Brazzaville, épicentre sonore africain
Dès les premières lueurs du 19 juillet 2025, l’esplanade du Palais des congrès s’est muée en agora vibrante où convergent professionnels de la scène et curieux venus des deux rives du fleuve Congo. Au-delà de l’argument touristique, la capitale congolaise se positionne comme l’un des rares espaces urbains subsahariens capables de fédérer en un même lieu les patrimoines musicaux de vingt-huit nations africaines. L’ampleur logistique déployée illustre l’ambition de positionner Brazzaville parmi les capitales culturelles de référence, ambition déjà formulée dans le plan national de développement culturel 2022-2026.

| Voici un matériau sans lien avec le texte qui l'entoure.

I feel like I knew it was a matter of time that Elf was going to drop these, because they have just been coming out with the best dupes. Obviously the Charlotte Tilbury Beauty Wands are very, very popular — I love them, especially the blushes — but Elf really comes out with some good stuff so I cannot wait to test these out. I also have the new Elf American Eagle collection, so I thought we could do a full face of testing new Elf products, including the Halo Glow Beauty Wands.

Un protocole hautement symbolique
La présence du chef de l’État, Denis Sassou Nguesso, à la cérémonie inaugurale n’est pas qu’une formalité républicaine. Elle réaffirme la volonté politique de faire de la culture un vecteur d’influence douce et de cohésion nationale. Au pupitre, le maire Dieudonné Bantsimba a rappelé « la nécessité de protéger les épicentres de créativité contre les soubresauts économiques », tandis que la représentante résidente de l’UNESCO, Fatoumata Barry Marega, saluait « une démonstration tangible du multilatéralisme culturel » (allocutions du 19 juillet 2025). Les applaudissements nourris traduisent une adhésion du public à cette diplomatie de la scène.

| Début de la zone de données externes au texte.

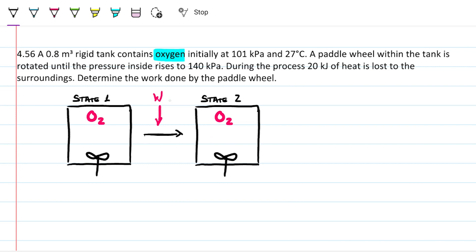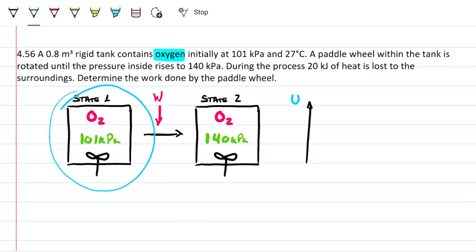In state two, the pressure rises to 140 kPa from the initial 101 kPa. The question is: how much energy does the paddle wheel need to provide? We can think about this in terms of internal energy — state one is a lower energy state and we increase all the way to state two, while losing 20 kJ of heat during the process.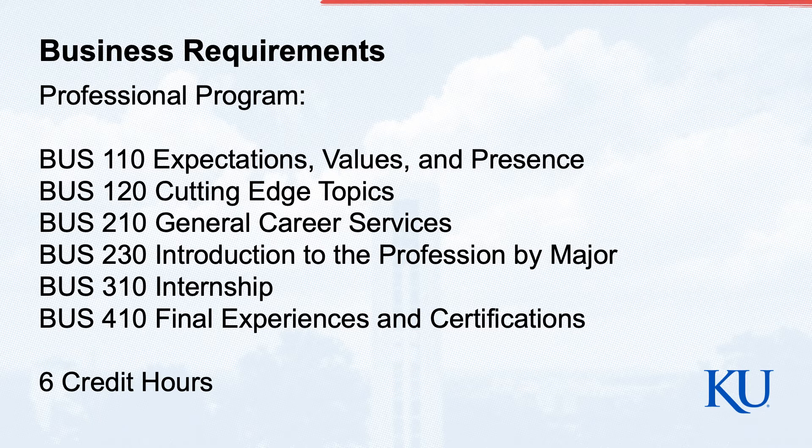I want to talk about our business requirements, specifically our professionalism program. These are six one-credit-hour classes you're going to take over the next four years at the KU School of Business. Business 110 is really an orientation to business — we talk about our values. Business 120 is jumping into more what's in the emerging markets, what's happening in business. For example, artificial intelligence — how is AI affecting businesses, whether it's accounting, finance, or supply chain?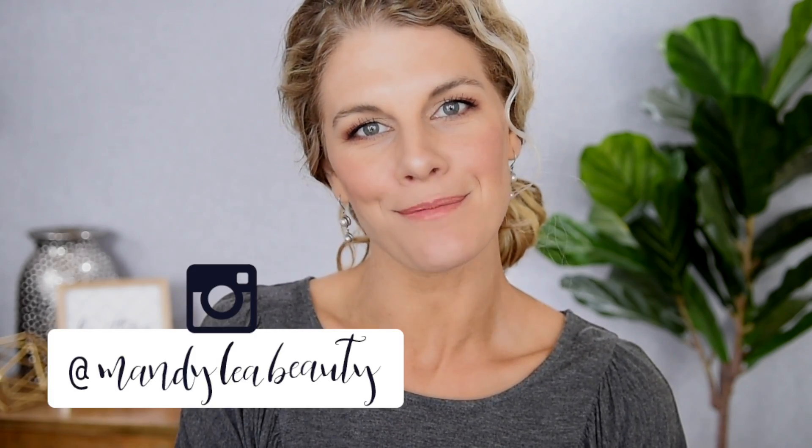Hey guys, welcome back to my channel. We are back today to talk about eyeshadow palettes. We are doing the eyeshadow wardrobe tag. This is a really fun video started by Morgan Turner and Charlotte Holdcroft here on YouTube, and I am not one to pass up on a good eyeshadow palette tag, so we are doing it today.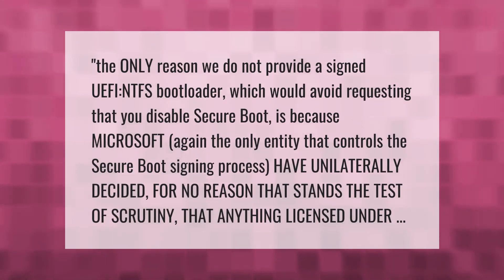The only reason we do not provide a signed UEFI NTFS bootloader — which would avoid requesting that you disable secure boot — is because Microsoft, the only entity that controls the secure boot signing process, have unilaterally decided for no reason that stands the test of scrutiny that anything licensed under...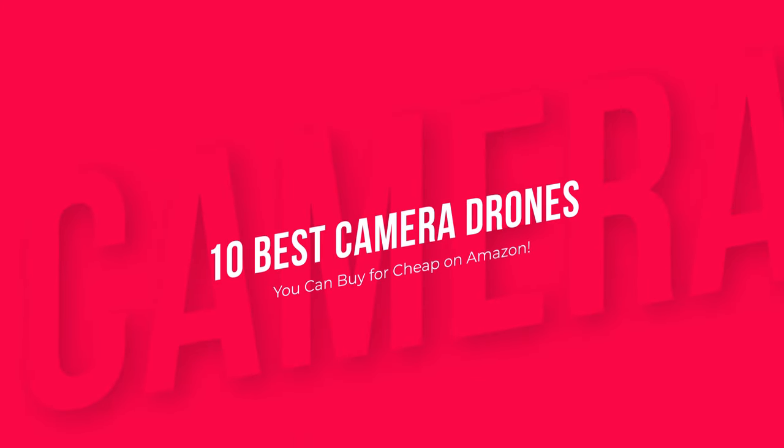These are the 10 best camera drones you can buy for cheap on Amazon. Product links are in the description.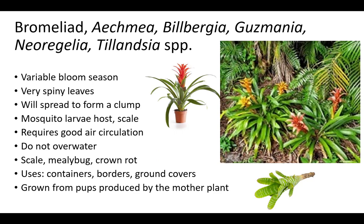They have a variable bloom season and very spiny leaves. Bromeliads will spread to form a clump and should not be overwatered or planted in places with stagnant air or low air circulation. These conditions will lead to crown rot, hosting mosquito larvae, and scale. Another possible pest includes mealybug. Bromeliads usually die a year or two after flowering, but produce pups at the base of the mother plant, which can be used for propagation. Bromeliads can be grown for containers, borders, and ground covers.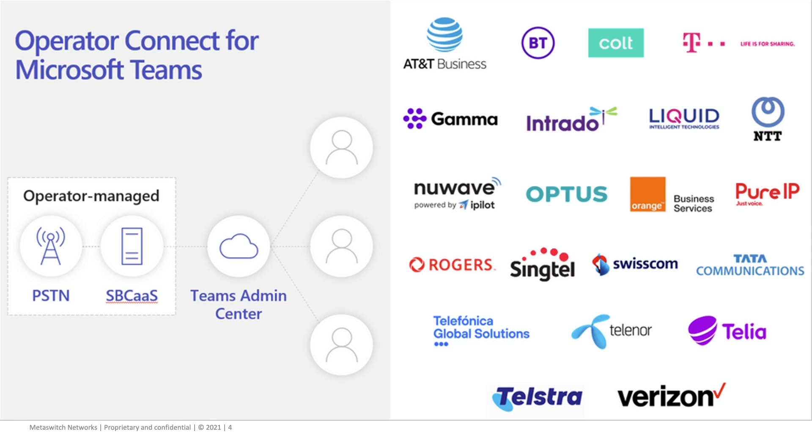Part of that capability is something called a session border controller. A session border controller exists between different parts of networks — between an operator and Microsoft, or between an enterprise and an operator. It is, if you will, a voice-related firewall, and it's a very important piece of technology central to the delivery of Operator Connect services. Previously with direct routing, the session border controller typically existed in the enterprise network. But now with Operator Connect, that capability is moved into the service provider environment, either in the service provider cloud or within Azure itself.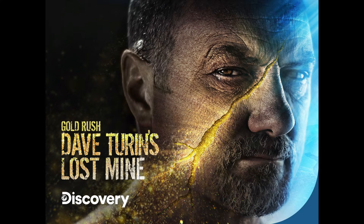Hey Gold Rush fans, episode 12 of Dave Turin's Lost Mine is in the books. There's honestly a lot to talk about, so let's get started.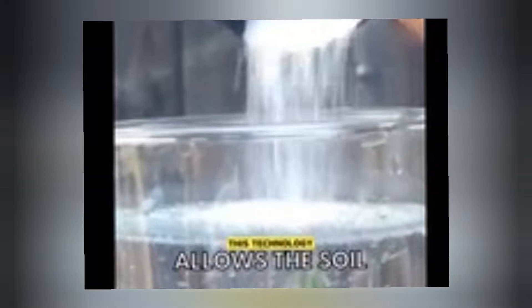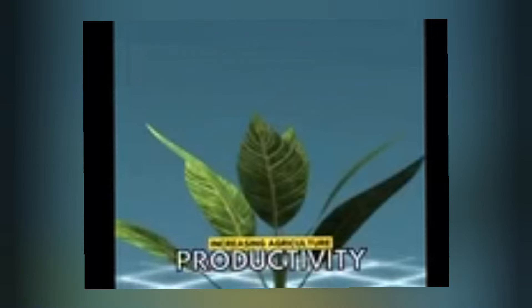What is solid rain? Solid rain is a super absorbent, hydrogel-like material that stores water and nutrients, releasing them as needed by plants. This game-changing technology allows farmers to cultivate crops without traditional irrigation systems.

Des performances qui transcendent les coupes budgétaires
Il aura suffi du premier roulement de tambour des ballets traditionnels congolais pour que les considérations macroéconomiques s’estompent. Sous la houlette du directeur artistique, le Palais des congrès s’est métamorphosé en kaléidoscope vivant : danses initiatiques Kongo, masques Béninois, kora mandingue et riffs d’Afro-rock se sont succédé sans temps mort. La troupe Nzango Ensemble a captivé grâce à une relecture contemporaine d’une danse rituelle autrefois réservée aux cérémonies de fertilité, tandis que le collectif AfroBeat Connection a prouvé que les syncopes yoruba dialoguent naturellement avec les textures électroniques.

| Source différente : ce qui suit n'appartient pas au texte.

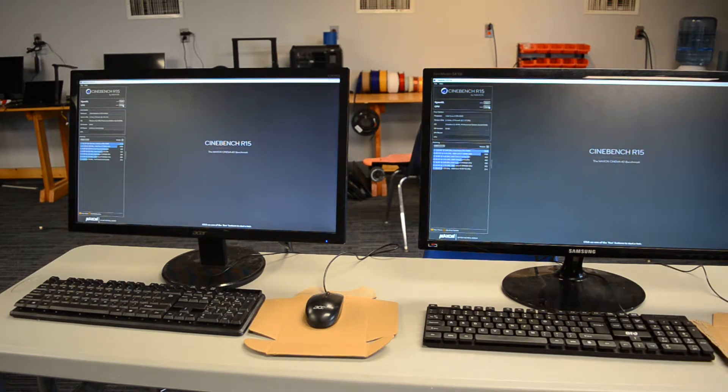Hello everyone, and welcome back to DMG. Today I'm doing a comparison of one of the last Pentium 4s and one of the first Core 2 Duos.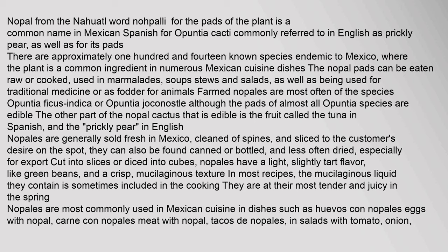Nopales can also be found canned or bottled, and less often dried, especially for export, cut into slices or diced into cubes. Nopales have a light, slightly tart flavor like green beans, and a crisp, mucilaginous texture. In most recipes, the mucilaginous liquid they contain is sometimes included in the cooking. They are at their most tender and juicy in the spring.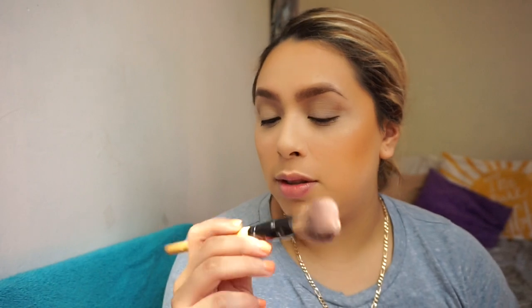We're just going to bronze the face — not really defining or anything, not contouring. For blush, I'm going to use this NYX Blush in Dusty Rose. It's kind of like a mauve color — so cute. I'm using this Allure brush and just adding a little bit of color.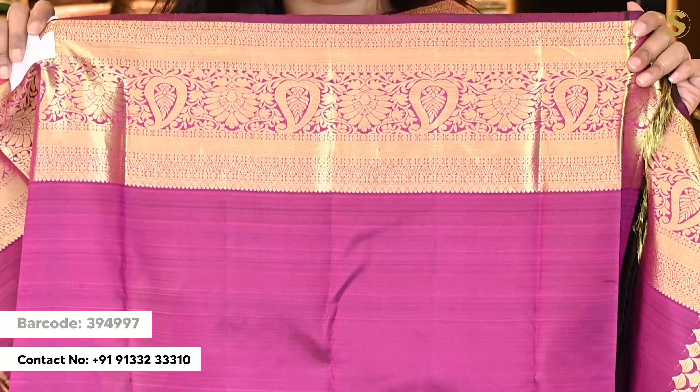Next, we have a beautiful maroon colour. We have a beautiful body and a traditional style body and borders, which also have a contrast border. The border has a red colour and beautiful gold colour weaving. We have a self-pallu with gold colour weaving in traditional boots. The blouse is a border colour contrast with borders on both sides.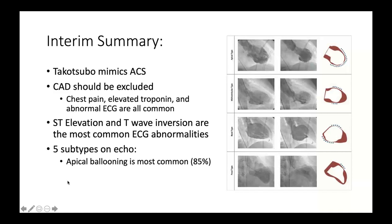To summarize: Takotsubo mimics ACS with biomarker rise, ECG changes, and acute onset chest pain. Coronary disease must be excluded. ST elevation and T-wave inversion are the most common ECG abnormalities. There are five echocardiographic subtypes, with the apical ballooning pattern being most common at 80–85% of cases. The next most common are mid-ventricular type and then reverse or basal Takotsubo.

Résonances sociopolitiques d’un festival résilient
Derrière l’exubérance scénique, les artistes interrogent la place de la création dans des économies émergentes. Certains musiciens, interrogés en marge des répétitions, évoquent la flambée des coûts de transport et la raréfaction des mécènes privés. Pourtant, l’engagement du gouvernement congolais à maintenir le FESPAM malgré la conjoncture sert de bouclier symbolique : il s’agit de signifier que la culture n’est pas une variable d’ajustement, mais un capital immatériel stratégique. Pour les jeunes festivaliers, cet argument prend une dimension concrète : nombre d’entre eux voient dans le festival l’unique vitrine susceptible d’attirer des programmateurs internationaux.
Vers une diplomatie culturelle renouvelée
Les corridors du Palais bruissent de discussions multilingues où se négocient des tournées, des résidences et des coproductions. Dans les couloirs, la ministre Marie-France Lydie Hélène Pongault confiait espérer « un effet démultiplicateur sur les industries créatives régionales ». La présence de délégations venues du Cameroun, du Mali ou encore de la Côte d’Ivoire inscrit Brazzaville dans une cartographie de coopération Sud-Sud. Les partenaires institutionnels, tels que la Banque de développement des États de l’Afrique centrale, observent de près la capacité du FESPAM à générer des retombées économiques mesurables via le tourisme culturel.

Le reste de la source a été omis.